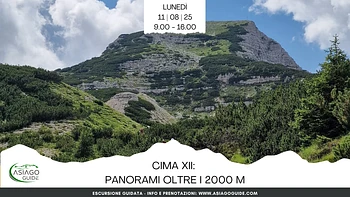 E11 Cima XII panorami oltre i 2000 m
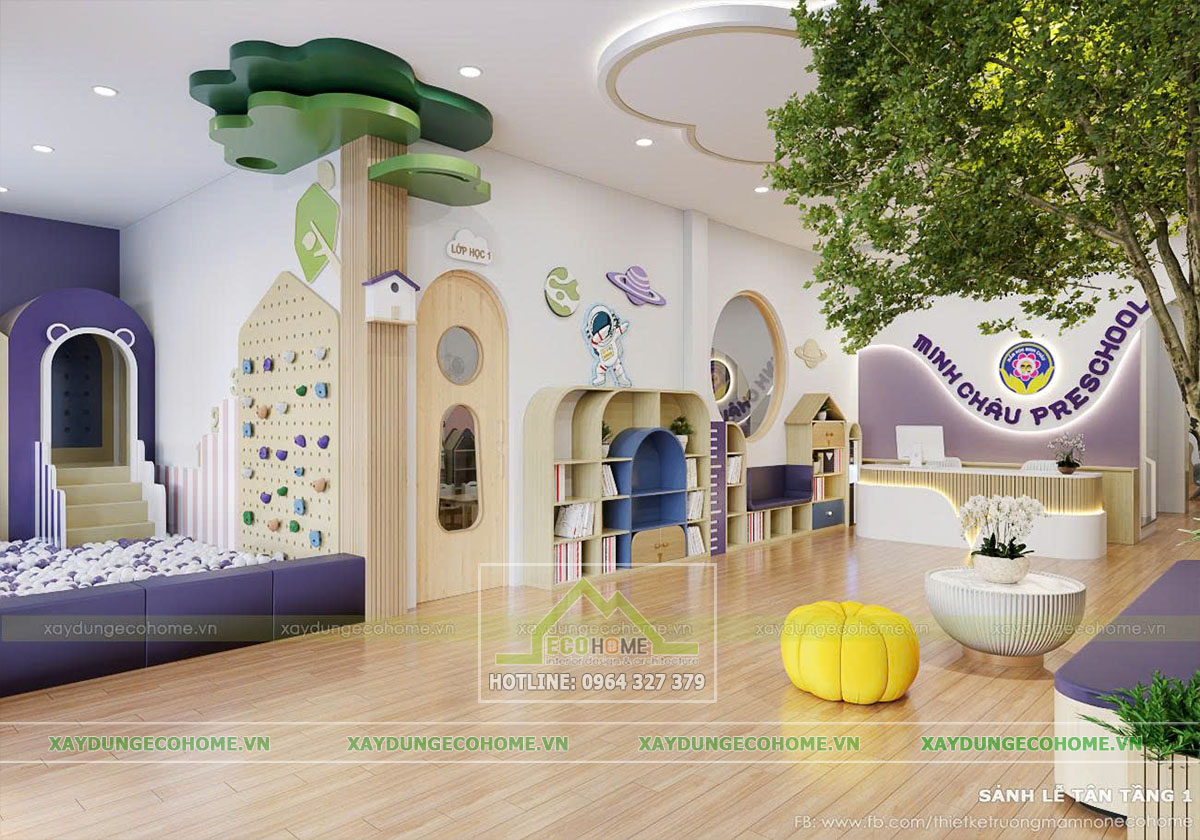 Mẫu thiết kế trường mầm non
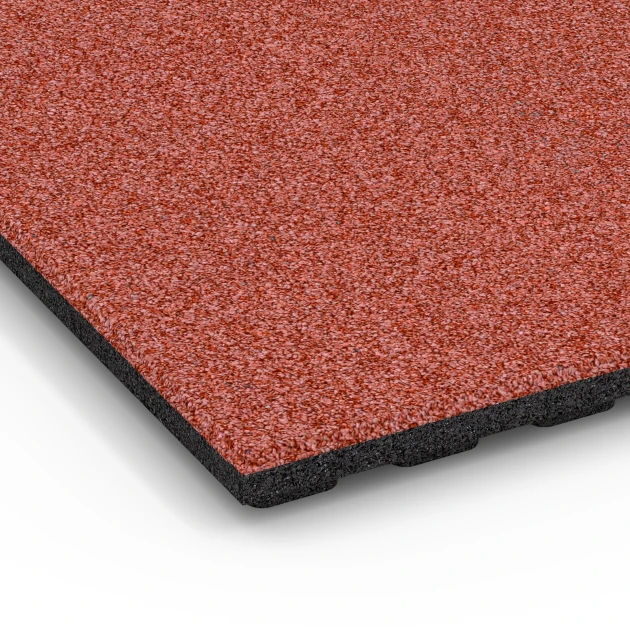 Detailaufnahme der Randausprägung von WARCO-Produkt 6386, Stallmatte Komfort, Format 100 x 50 x 4 cm | 0,50 m², Farbe Ziegelrot.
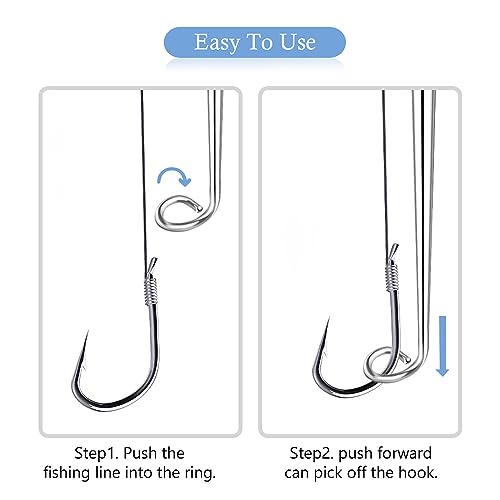 Medsuo 2pcs Stainless Steel Fishing Unhooking Disgorgers Portable Fishing Hook Remover Tools Fishing Supplies for Lake Fishing River Fishing Sea Fishing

_Assigned task_
What is needed is the data above, retyped exactly, with every picture left out.

_Response below_
 E11 Cima XII panorami oltre i 2000 m
 Mẫu thiết kế trường mầm non
 Detailaufnahme der Randausprägung von WARCO-Produkt 6386, Stallmatte Komfort, Format 100 x 50 x 4 cm | 0,50 m², Farbe Ziegelrot.
 Medsuo 2pcs Stainless Steel Fishing Unhooking Disgorgers Portable Fishing Hook Remover Tools Fishing Supplies for Lake Fishing River Fishing Sea Fishing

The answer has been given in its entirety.